“Expat Burnout” and when it might be time to go home


I’ve been living abroad for seven years now. Make that seven years and five months, but hey – who’s counting? At this point, I am. For the most part, I love living outside America. I’m a bit of a wanderer by nature (I blame my Aquarius start sign as well as my nomadic upbringing for this), but at some point there comes a time when even the most adventuresome of us want to put down roots somewhere. After the better part of a decade here in Germany, I think I’ve reached that point.

All expat experiences are challenging. Moving to a new country with a different language, a different climate, different way of doing life, is not easy. My experience was also a bit more challenging than most – in addition to raising three kids alone here in Berlin for the most of our time here, I also went though one of the nastiest divorces ever, which included a child kidnapping case (google my full name and you’ll see ALL the details of this misadventure, thanks to the US government and their sharing of public records).

That life-draining and life-altering experience is I believe what made me go from crazy-in-love with Berlin and never wanting to leave, to the point where I am now. Which is some days is get-me-out-of-here-ASAP! Of course there are still good days – days when I don’t want to leave my life here in Europe, in all it’s cappuccino-fueled and wine-soaked Old World beauty. Those days though are few and far between.
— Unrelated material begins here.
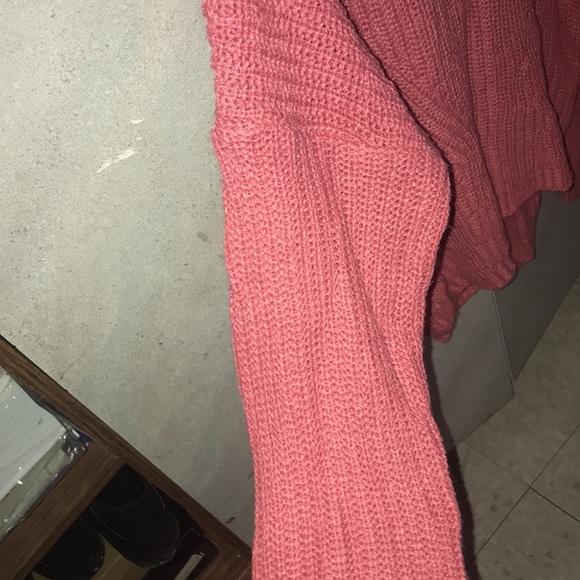 Medium - Picture 4 of 5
Most days I’m griping about how little personal space there is, how rude Germans can be (yes, the Germans I used to love!), and how I just can’t be bothered with the difficult German language or endless bureaucracy any longer.

Apparently I am not alone in feeling this way. A quick Google search last night showed me that things like “expat burnout” and “expat depression” are real things that people face at times when living abroad. Especially when they have been abroad for a long time and are kind of done with their life abroad.¬†Of the several interesting articles I found written on the topic, my favorite – and the most applicable to my experience – is one posted on a website called Expat Info Desk. They give four signs it’s time to leave your life abroad, and what do you know – I can relate to all four. It’s as if I wrote the article myself – or rather, a neutral, honest bystander saw my life from the outside and wrote about where I am.
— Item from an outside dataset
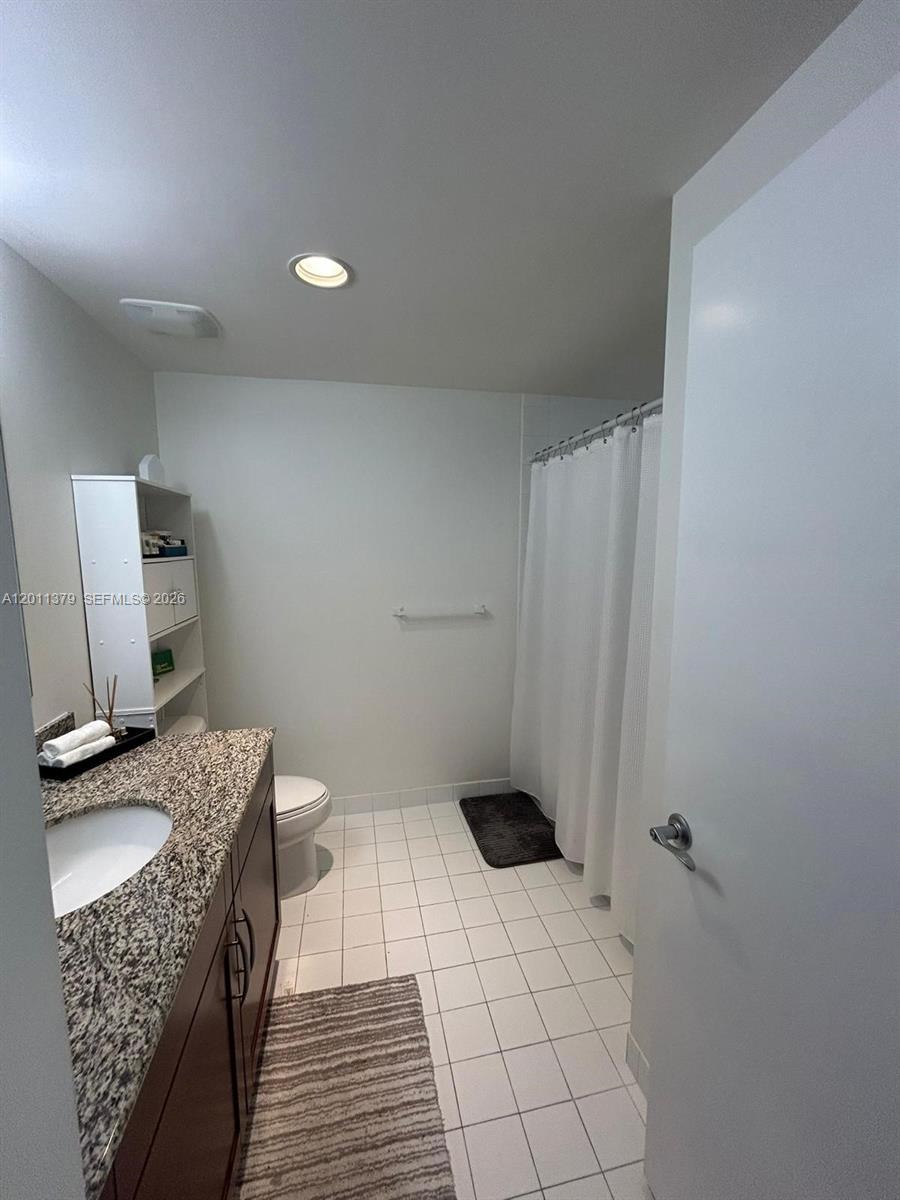 7270 SW 88th St #B301, Miami FL 33156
In short, as much as I love so many things about living abroad – I love the culture one is exposed do, I love the different languages you hear at any given time, I love love love the wonderful foods and desserts and travel and clear water of the Med that you don’t have in the US. But you know what? There are things that I love about and miss where I come from. For example – there is space enough for everyone so you don’t get mauled while waiting in line at the bakery or supermarket, because people generally know how to stand in lines and wait their turns; the bureaucracy isn’t time-sucking and mind-numbing as here. There is a also general sense of responsibility and caring for others in America that I’ve not found here in Europe.

Beyond the lovely parts of life in Europe and the easier living that can be found stateside, another and even more important factor is people. Since we’ve been abroad, I’ve missed two funerals, three weddings, and countless other celebrations and birthdays. This is not to make myself sound pitiful, as I had a reason for moving here and I take full ownership of that decision and I do not regret it. But at some point you realize that once you’ve reached the goals you set out to reach, you no longer have a reason for being where you are. Continuing to miss the lives of those closest to you and yours is not something you are willing to sacrifice any longer, which means it might just be time to start packing bags. Or at least starting on a game plan for the near future.